Members speak for themselves, with their own voice, and activism is the response to as many questions as may appear.

Translated by: Jack Gibbard

November 18 2010

Concern About the Media Comeback of Luis Pavón / POLEMICA: The 2007 Intellectual Debate

For more information about this series of posts, please click here.

From Jorge A. Pomar

Are the intellectuals waking up?

Everything in Cuba is as rotten as in Hamlet’s Denmark. It all stinks. Even the Horaces of the UNEAC (Cuban Writers and Artists Union) stink. Yet another proof of this is the electronic call to arms just emitted by Desiderio Navarro in Havana as a result of the unexpected resurrection of Luis Pavón, once powerful, if not all-powerful, President of the National Council for Culture, via the programme Impronta (Imprint) on Cubavisión. Auturo Arango and Reynaldo González have already broken a lance on his behalf in what has become a promising campaign. Whatever the objections of those of us who are not on the inside — and it will be seen that mine are many and forceful — we should not only welcome the initiative of the combative as ever Desiderio, but also support it wholeheartedly, heaping fuel on the fire of good faith; that is, with the intention of forcing them to draw conclusions and see themselves as others see them.

But it is no less true that the arguments made leave a lot to be desired. Which is partly explained, of course, by the risk that they are running by sending such a protest on the Intranet. What is not easily explained is what can be inferred from their captious arguments, the implications and underlying meanings derived from their words.

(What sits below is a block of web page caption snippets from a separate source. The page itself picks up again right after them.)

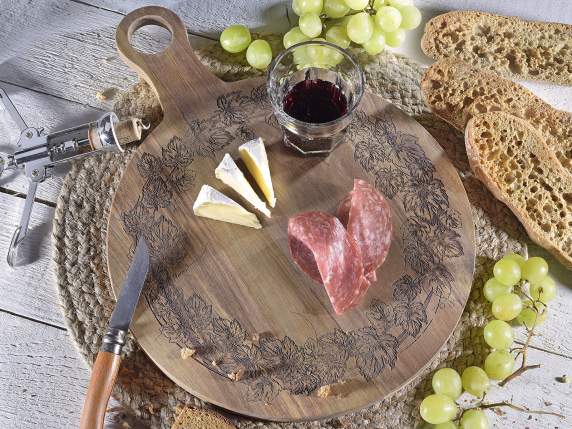 Tagliere in legno di acacia rotondo con incisioni di foglie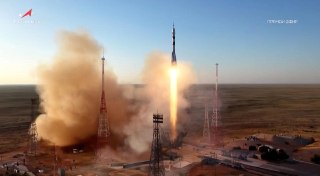 С космодрома Байконур запустили пилотируемый корабль «Союз МС-29», который доставит на Международную космическую станцию космонавтов «Роскосмоса» и астронавта NASA, следует из онлайн-трансляции.Ожидается, что стыковка корабля с модулем российского сегмента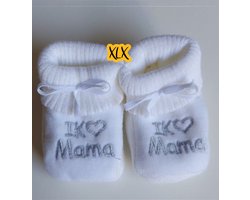 Baby slofje met tekst I love Mama, I love mama, Baby slofjes XLX®, Baby slofjes - I love Mama - Baby sokjes - Kraamcadeau - Cadeautje - Babyshower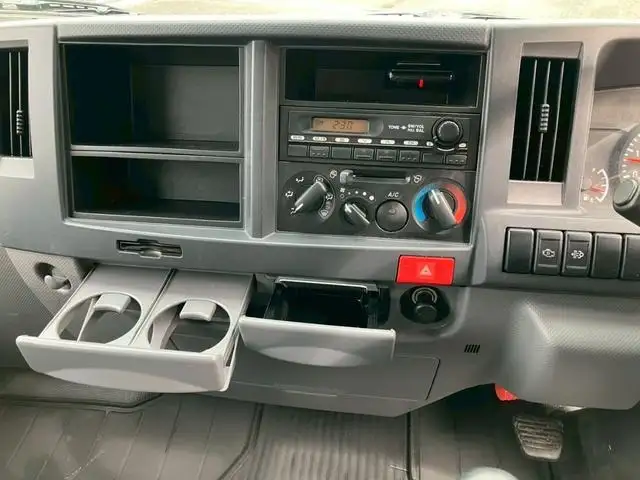 いすゞ エルフ 小型 平ボディ Wキャブ の中古トラック画像12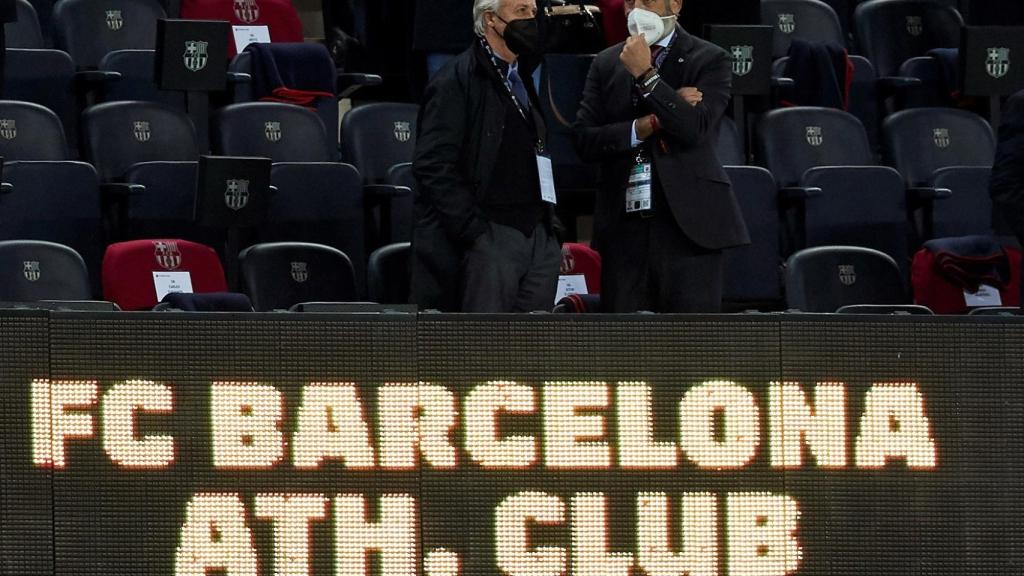 Carles Tusquets y Aitor Elizegi charlan antes del FC Barcelona - Athletic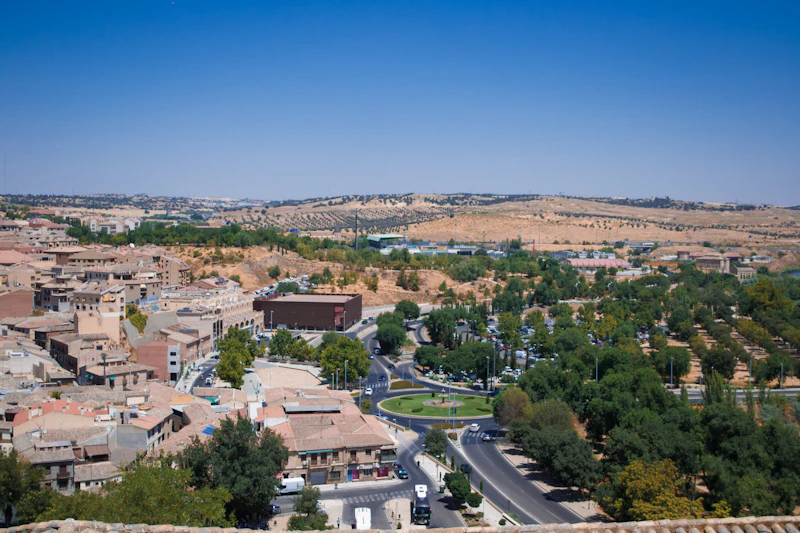 Best Neighborhoods to Stay in Toledo: Where to Book and What to Expect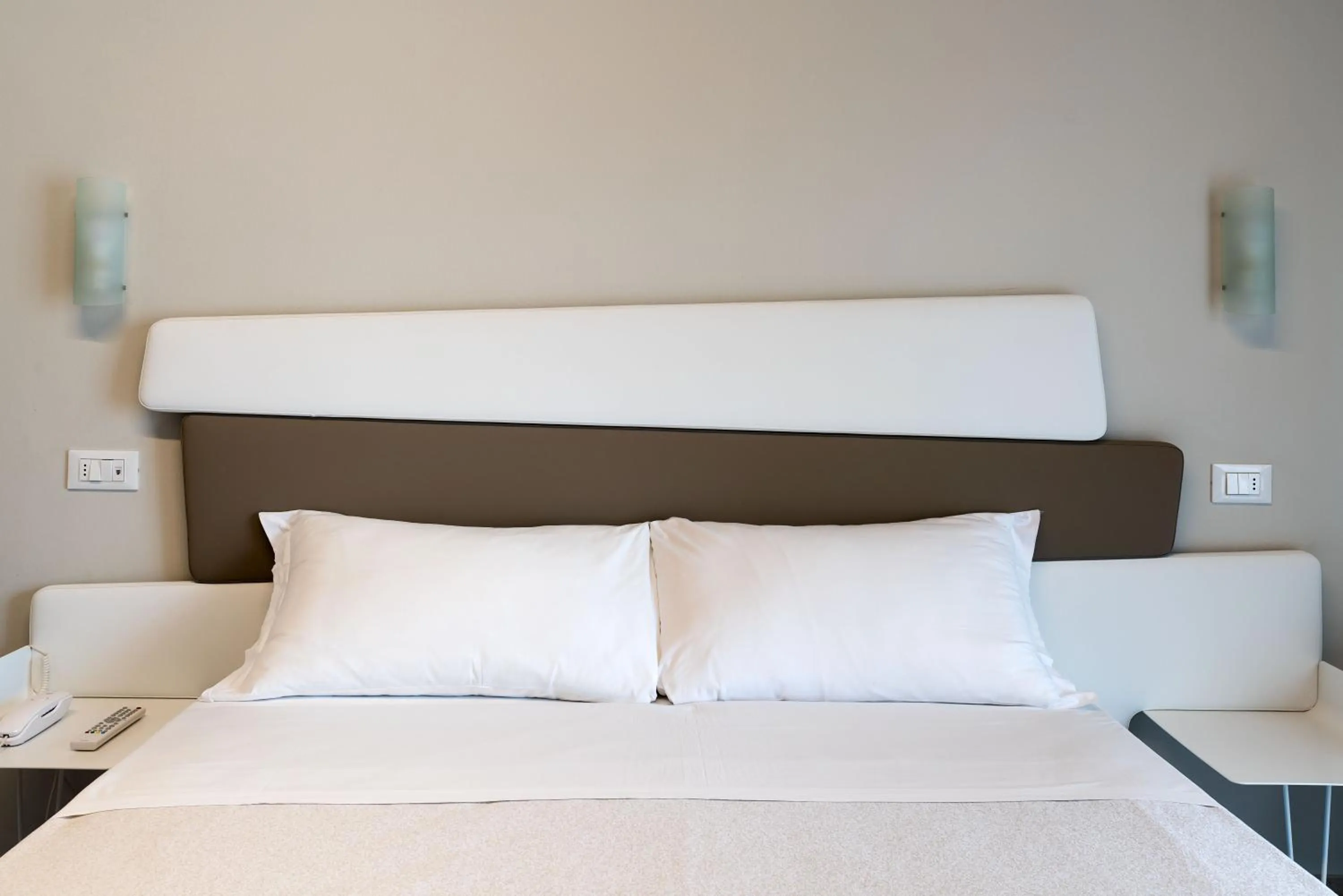 Bed in Saracen Sands Hotel & Congress Centre - Palermo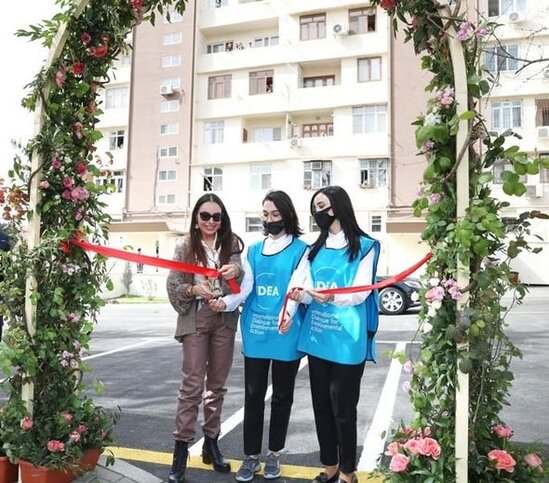 Leyla Əliyeva "Bizim həyət" layihəsi çərçivəsində növbəti həyətin açılışında iştirak edib - FOTO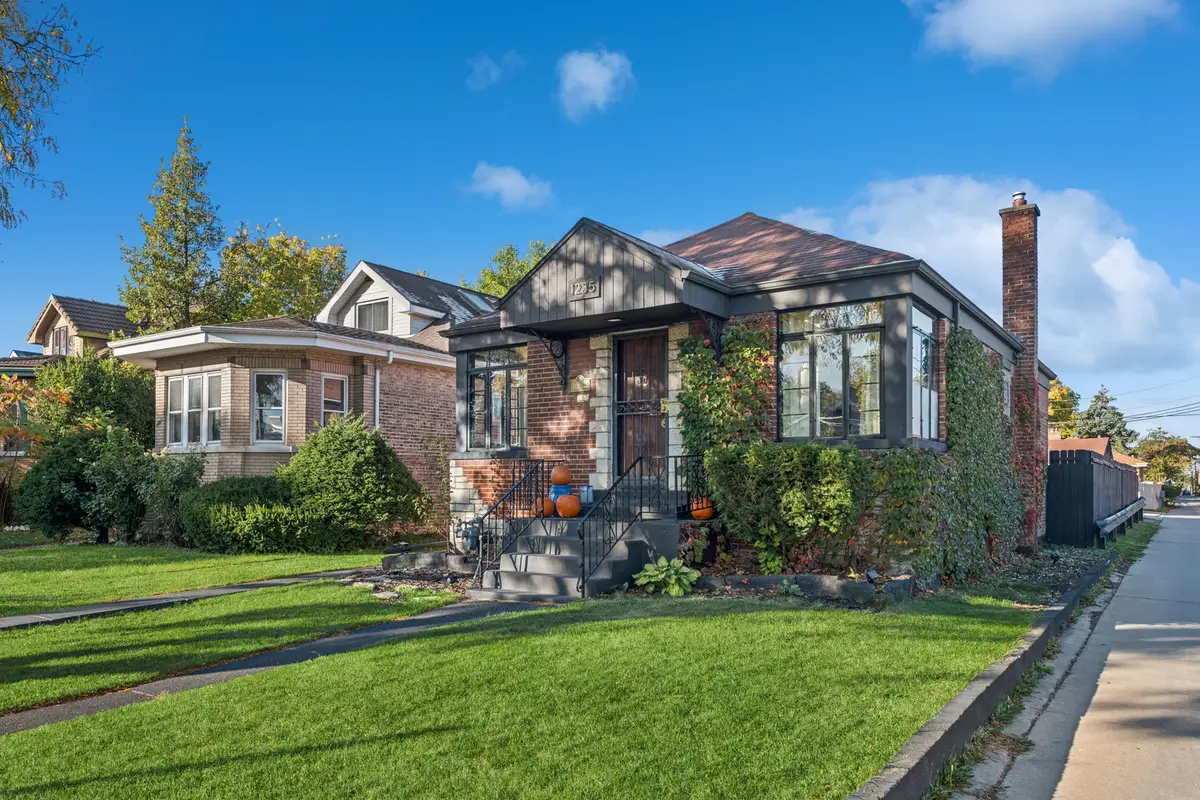 1235 N Elmwood Avenue, Oak Park, IL 60302 - Image #1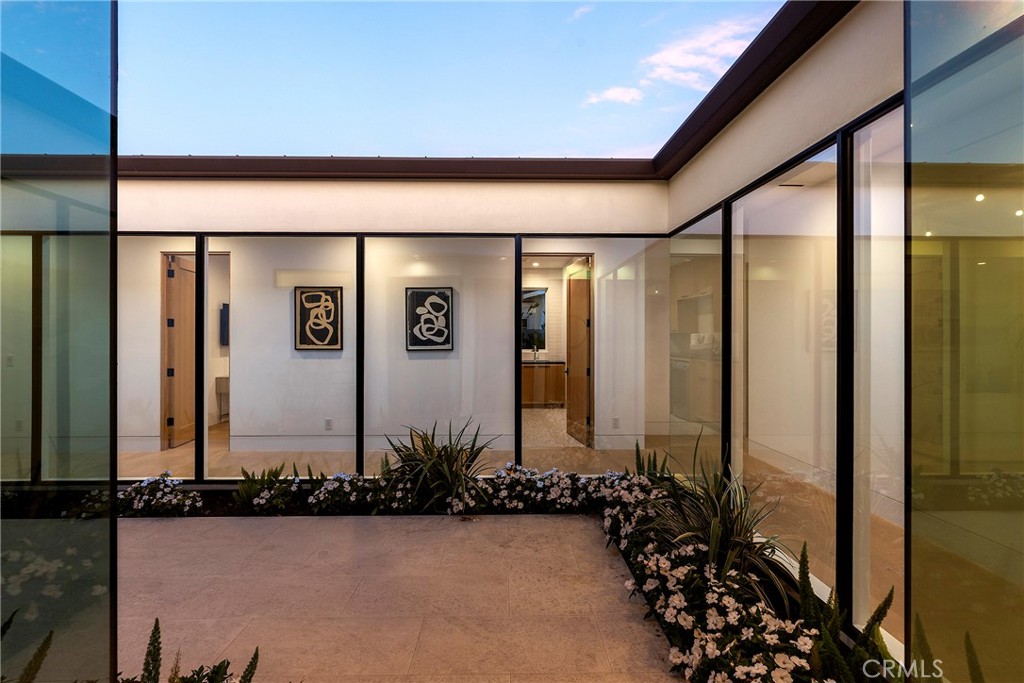 4607 Dorchester Road, Corona Del Mar CA 92625 - Photo 16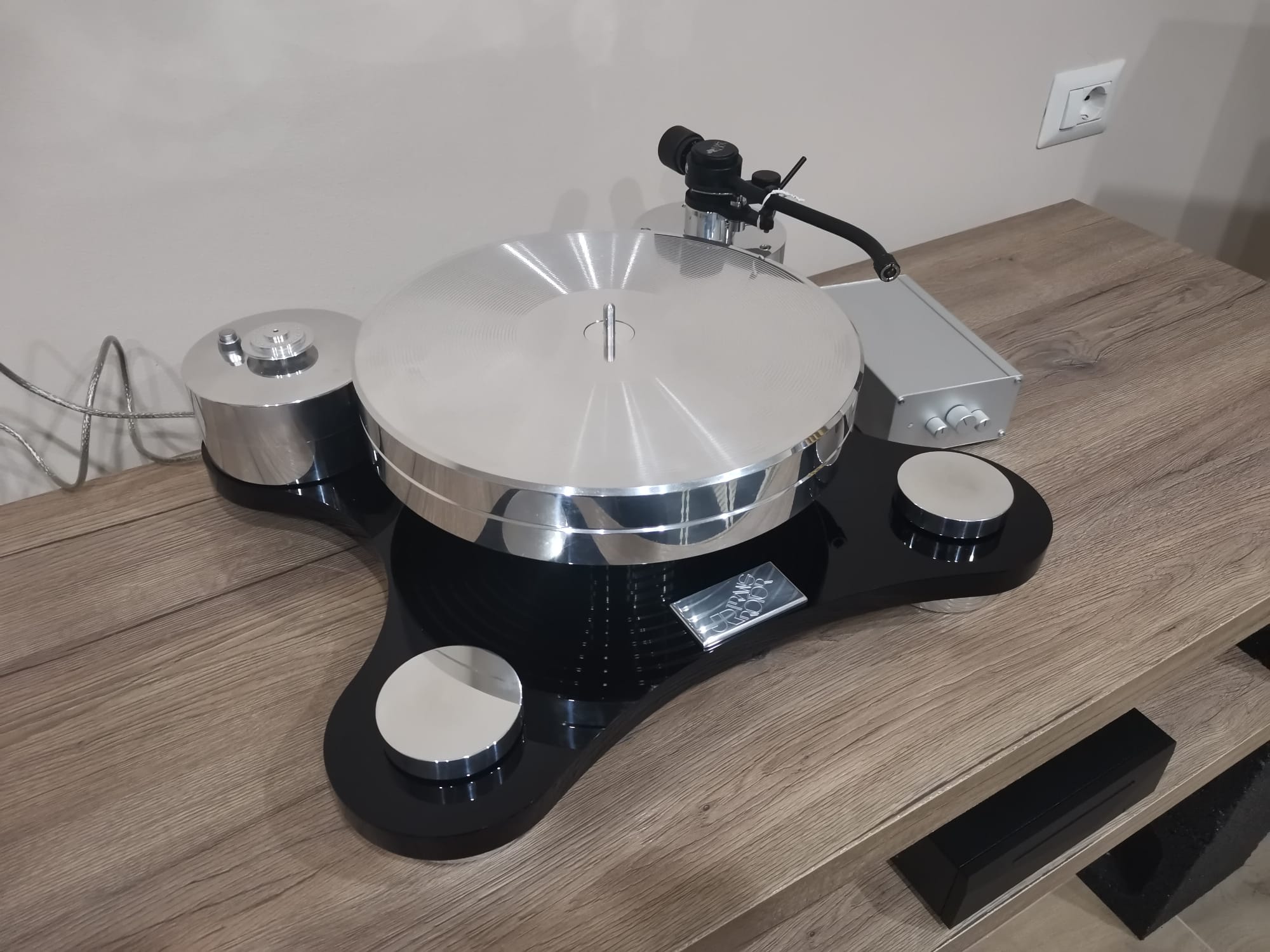 Denon DP-3000 - Turntable - READY FOR DELIVERY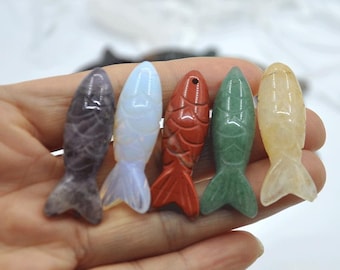 Carving Gemstone 3D Fish Pendant，Crystal gemstones carved fish for jewelry DIY pendant，Carved Gemstone Charm Pendant，Lucky Fishing Charm Gif
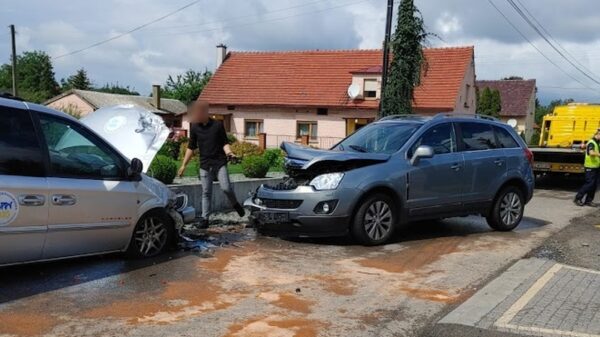 wypadek, zderzenie samochodów, policja, straż pożarna, Łubniany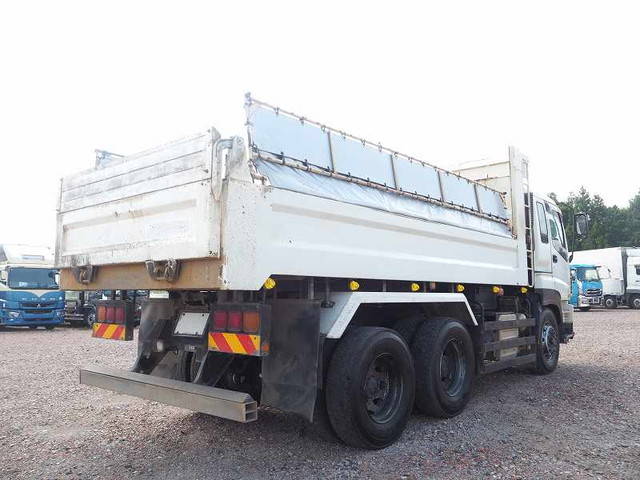 いすゞギガダンプ大型（10t）[写真04]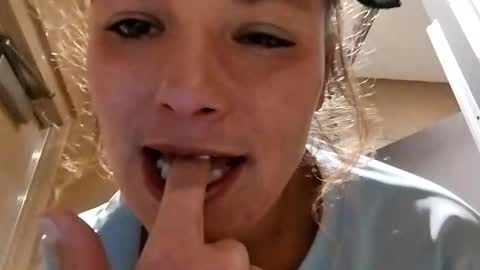 savannahjays online show from 11-25-25, 01:44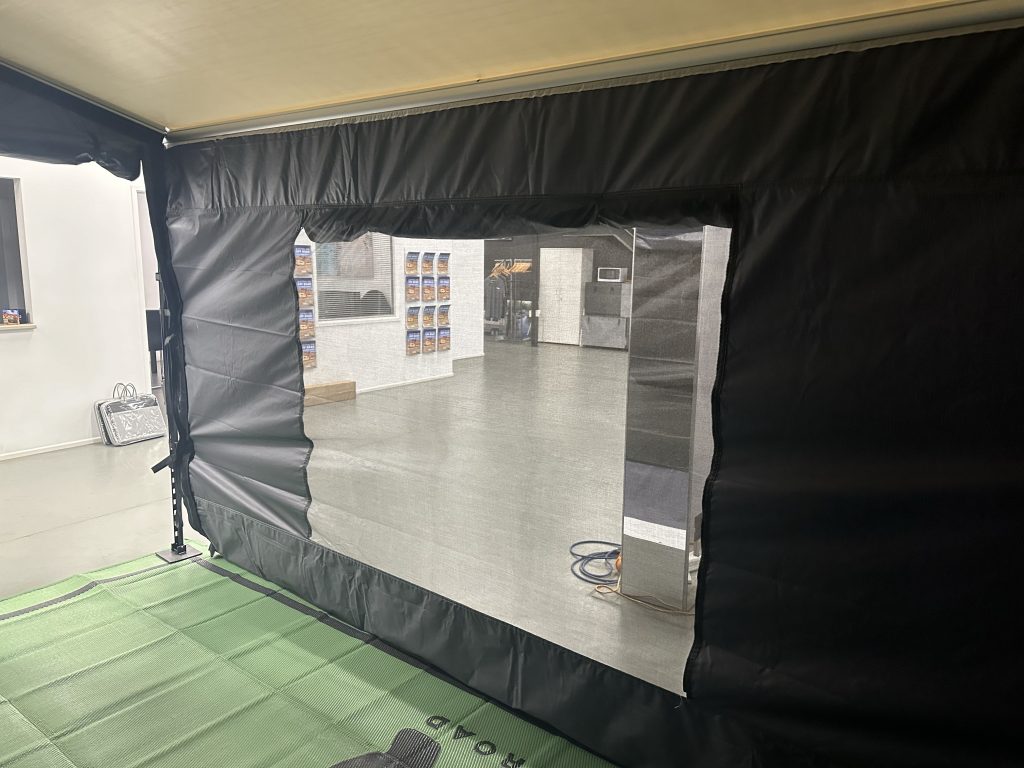 Long wall – 1 x Window PRE ORDER - Image 2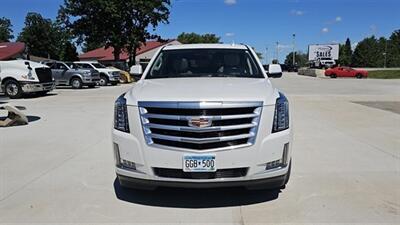 2020 Cadillac Escalade Premium Luxury   - Photo 7 - Spring Valley, MN 55975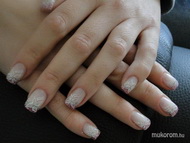 Csillámos akril díszítéssel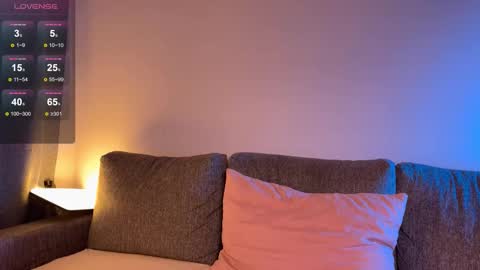 Liz and Mark online show from 10-31-25, 06:25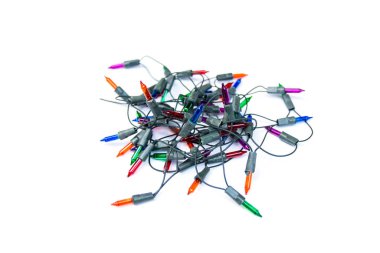 Noel ışıkları, beyaz arka planda izole edilmiş çok renkli lamba çelenkleri.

According to all three — who have signed up to the ideas of the so-called ‘criticism tsar’ in Cuba, Ambrosio Fornet — Pavón and a couple of minor civil servants (among them Lisandro Otero, who they are careful not to mention as he is currently fashionable in the vile on-line literary magazine La Jiribilla, but he was Pavón’s second-in-command) were responsible for an unfair cultural policy (1967-1971), now happily left behind. In their eyes, with the public reappearance of Pavón the shadow of the Leviathan of the ‘Pavonado’ can be seen again, threatening the freedom (?) of the ‘true’ creatives.

It is a version of the tale of the noble king applied to his majesty Fidel Castro, who in half a century has never shown signs of acknowledging the corrupt actions of his evil ministers. In fact, the ‘silence and passivity of almost all of them’, the ‘complicity and opportunism of many’, which Desiderio puts in brackets, are still characteristic of the attitude of the Island’s intellectuals today. The troubles of writers and artists did not finish in 1971, as Fornet would believe, or have the rest of us believe.

Pavón, who was certainly no angel, he has been the favourite scapegoat since 1971 of those who, rightly or wrongly, like to think of themselves as his victims. It would take a casuistic analysis, a task in which I have no interest, to determine the role that each played then, or plays now. However, Pavón’s offence consists, no more and no less, in having been the figurehead, the instrument of the Revolutionary Government which carried out mercilessly the cultural policy of a Revolution which the members of the UNEAC applauded, and still applaud in their show of protest — rapturously at a time of jails bursting at the seams and firing squads overburdened with work. Those ‘plentiful 60’s’ of which Desiderio speaks were, in fact, the cruelest years of Castro’s rule.

After swallowing all this rubbish without complaint, after condemning like Cain colleagues who fell from grace every time they were asked to do so, and above all, living rather better than the great unwashed thanks to the subsidies in dollars (now CUCS) of the UNEAC, likewise the prizes and the trips abroad etc., I fear it will be sufficient for the charming (with the literati almost always) “comrades” of State Security to give them clip round the ear, if they haven’t done it already given the gravity of the situation, for them to start to walking crab-wise again. It would be a pleasant surprise for me to discover that I am wrong. Clearly, they do not feel any guilt, educated Little Red Riding Hoods from the story of the good king, constantly misinformed. however, their greatest merit in the end of the Five Gray Years (which is now a “Dark Half-Century”) has been to live with their backs to the national drama, shut in their ivory towers during the three ashen decades of the wolverine Pavón.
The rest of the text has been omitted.